A big part of why management has escalated in the modern digital age is due to legibility—or lack thereof.
When I was a kid asking for a CD, the whole process was out in the open. I’d have to explain the product to older people, we’d find the physical disc, they’d looking it over and deliberate on whether it was permissible, they’d ask other older people if they found it permissible, we’d bring it home, I’d put it in the player in the living room. Everyone knew what you had. The technology was public and hard to access, and because of that, it was more manageable.
Solutions for those looking to manage the technology then go from an old process of step-by-step gatekeeping to one consisting of inaccurate oversight and arbitrary enforcement post-hoc.
In the modern age, the product is fully accessible and almost entirely private. And AI is even further down that road. You can’t glance at a screen and know whether a kid is using it to cheat on an essay or to finally understand the thing their teacher couldn’t explain. It all looks the same from the outside: a young person locked to their screen. But this focus on ‘screen time’ is all wrong. In fact, we would expect those using technology to learn to have more extreme ‘screen times’ compared to those who don’t.
Meaning older people are primarily concerned with access to content. And that overt concern for someone else’s access to content has harmed their own ability to evaluate the content people are accessing.
Old people should learn about AI-slop
This pattern of older people attempting to manage younger people’s technology-use isn’t new. Comics, novels, radio, television, video games, computers, phones—all arrived with a wave of panic and a round of restrictions. Each of them a battle between the younger and older generations, who, ironically, dealt with the same panic just to turn around and panic over something else.
Though I want to stay more or less universal when it comes to pointing old older people’s fears of technology, I began writing this article with solely AI in mind. I was heavily-influenced by Richard Hanania’s insights, where he tested whether readers could distinguish AI-generated content from human writing.
Older respondents were consistently less accurate and more confident (that combination is its own problem). The conclusion was essentially that people most likely to be wrong about what AI is doing are also the least likely to realize it: older people.

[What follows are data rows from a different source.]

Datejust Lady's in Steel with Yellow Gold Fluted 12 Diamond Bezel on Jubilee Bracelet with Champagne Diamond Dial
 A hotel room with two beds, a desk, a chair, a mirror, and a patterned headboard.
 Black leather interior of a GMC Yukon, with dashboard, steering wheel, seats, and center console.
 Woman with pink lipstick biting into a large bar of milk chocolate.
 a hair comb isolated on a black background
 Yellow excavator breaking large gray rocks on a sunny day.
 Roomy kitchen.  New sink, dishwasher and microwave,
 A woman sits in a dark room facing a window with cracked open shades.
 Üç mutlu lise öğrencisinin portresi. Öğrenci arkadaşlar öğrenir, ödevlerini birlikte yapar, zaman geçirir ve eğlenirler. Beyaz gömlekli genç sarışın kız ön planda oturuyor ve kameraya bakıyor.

Younger people performed significantly better in recognizing AI-content and in their confidence in distinguishing them. What might be even more telling is that Hanania’s older readers are almost certainly more technologically engaged than average. If those more-online boomers are still failing these tests, just imagine what the typical geezer thinks when scrolling through Facebook’s AI slop.
I always hear from older people that young people need to prepare for the real world, but the real world is using the latest technology—and will contain technologies not yet created. So while its reasonable to still think it should be limited for younger people, you must acknowledge its usefulness as a tool for problem-solving.
Therefore to use it the ‘right’ way requires access.
The alternative of enforcing a limit of access isn’t free. Restricting technology requires constant monitoring, constant catch-up when young people inevitably find workarounds because they understand the technology better than those trying to control it. All of that effort is solving a problem that didn’t have to be a problem.
There’s a simpler version of this where older people ask younger people what they are actually doing with it, sit down and try it themselves, and approach it with curiosity instead of suspicion. That version costs a lot less and produces a lot more.
My prescription for readers is modest: try to avoid becoming the old-fart begging teenagers to help you with McDonald’s drink machines as you yearn for a time we will never see again.